Years later, I moved to the east coast to serve a congregation there. About a year after that she also moved to serve a congregation in the same Presbytery. At her induction service she came to say hello and remind me that we had met. Oh yes…. the Committee from Hell.
I invited her to join me and another friend with whom I met weekly for dinners, movies, and working out at the Y. Those were important moments in which we talked about our congregations, our hopes, our dreams. Together the three of us tormented our trainer and were known as the unholy Trinity. Those were good years.
We were of the same age, so it was a surprise when Joanne took in some brothers to foster, just about the time that I was sending my own child off to university and her own life with her husband. Eventually Joanne adopted one of those boys… a deeply troubled, but charming and affectionate fellow. We all fell in love with him.

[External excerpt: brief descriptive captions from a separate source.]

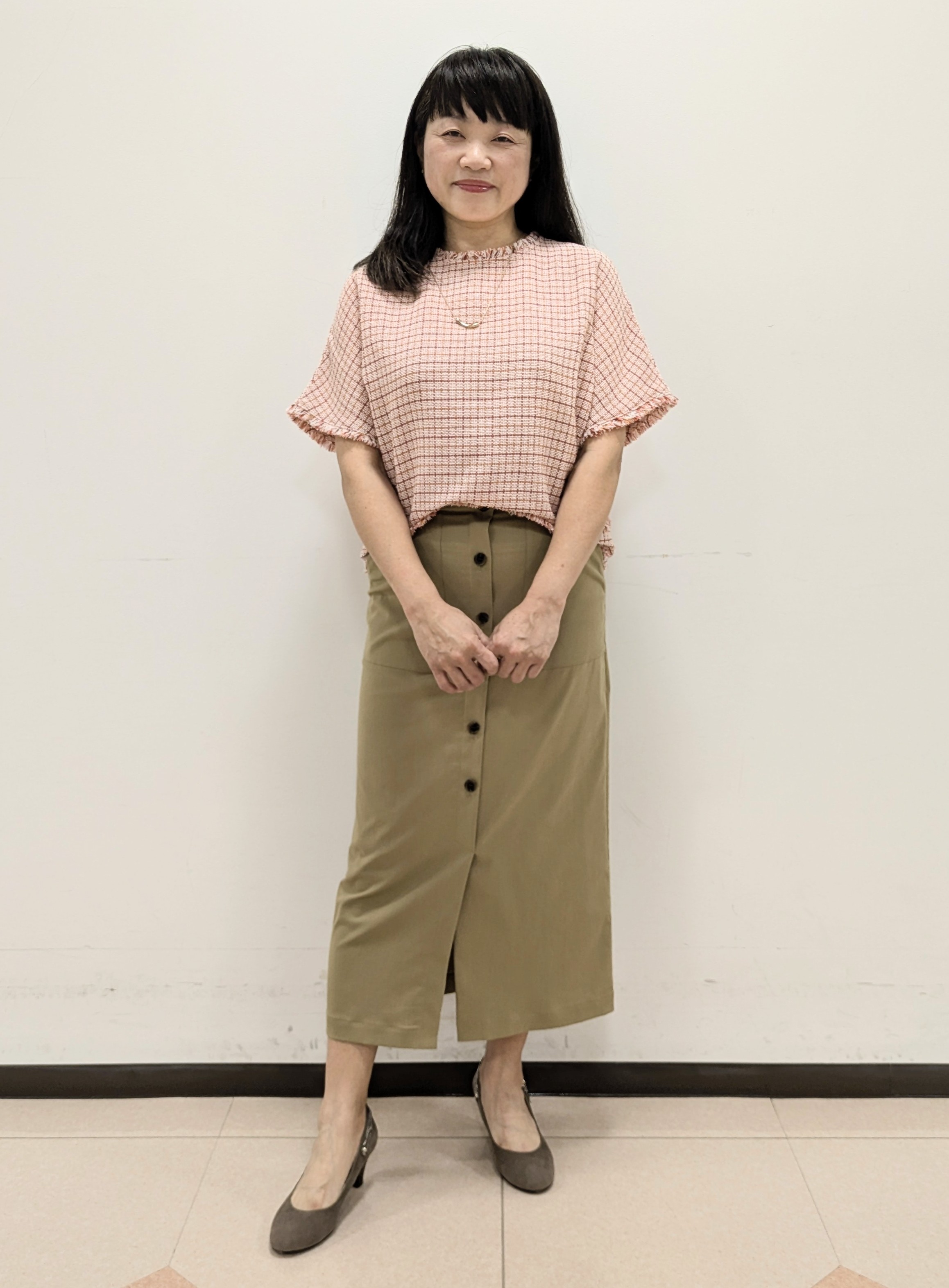 ともさんの「UNTITLED｜【接触冷感/UVカット/吸水速乾/遮熱】ツイルボタンディティールスカート」を使ったコーディネート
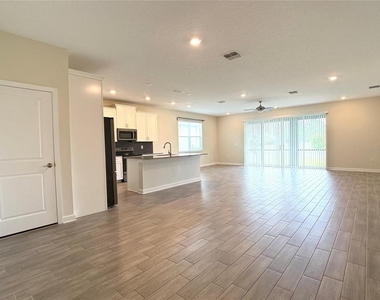 2638 Camden Park Loop - Photo Thumbnail 9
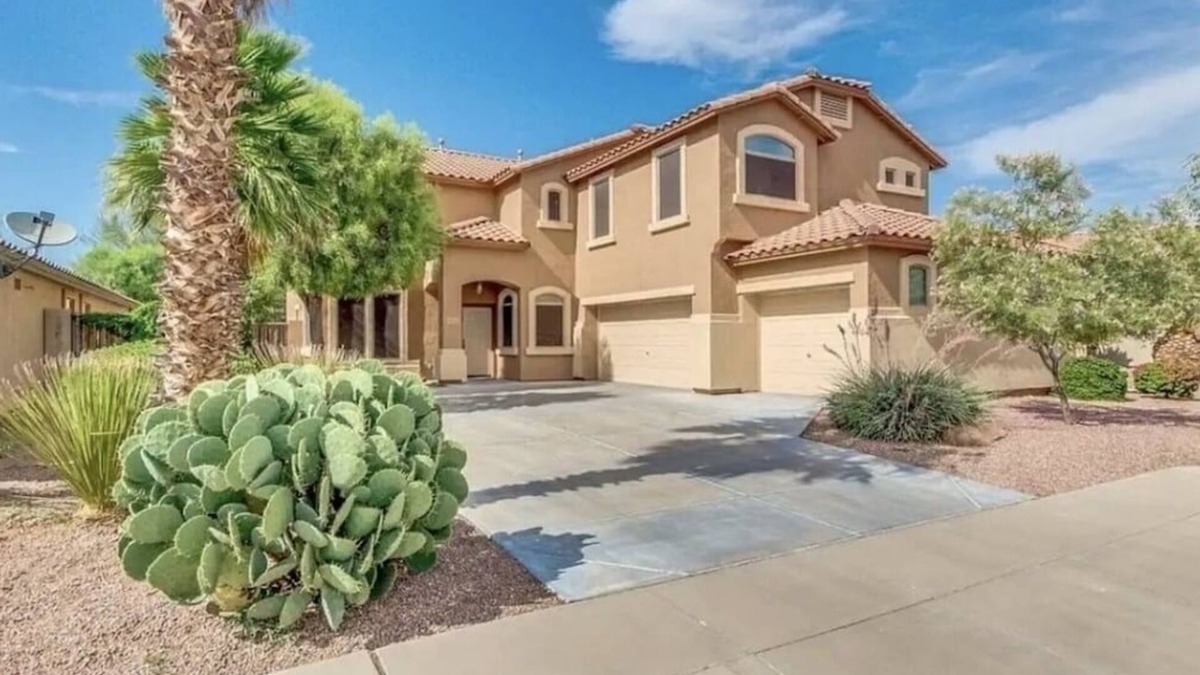 Sarival Gardens House | Welcome to my Beautiful Home away from Home!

It was also during this time that I fell on some ice and injured myself severly… dislocating my shoulder and chipping my scapula. The emergency department sent me home in a blizzard with a handful of Tylenol 3’s and advice to stay as still as possible. And I stayed still. Every movement was agony. On Monday morning as soon as her driveway was plowed Joanne came over, dug me out and took me to see my doctor….who prescribed muscle relaxants and narcotics. She filled the prescription, picked up some groceries and stayed with me for a half hour to make sure I didn’t have an adverse reaction to the pills. While waiting she scooped the litter box and ran laundry. Before she left she asked if the pain had lessened. She chuckled at my response and wasn’t above spreading it among the people we knew…. what did I say? “No, but I don’t care.” The euphoria of the combination of those drugs was remarkable.
It turned out my injury was far more severe than was suspected, and for the next year she was there for me. Bringing groceries, taking me to doctor’s appointments, helping me shower and dress, scooping the litter box, bringing me to physio.
When I was better and back working in the congregation, she became a whole other kind of support person for me, because I came back to work at the time the congregation was being closed. Her support and encouragement was phenominal. The importance of those dinners, movies, and workouts at the Y and the fellowship we had at them was an important source of strength and hope for me at that time.
Even after I moved to another province to take up working among my next congregations her friendship was especially meaningful. She came and visited with me. I took care of her son for a week while she was at meetings. We called frequently…talking until long into the night.
When I spoke with our mutual dinner, movie, workout friend this morning we remembered those days, the depth of Joanne’s friendship and the desire to be as good a friend in all of our other relationships.
I treasured her and she knew it. She treasured me and I knew it. That gift is s true blessing. I will miss her, but I pray that what I have learned about friendship from her will continue to grow in me.
Rest in peace Joanne. May your deeds follow you.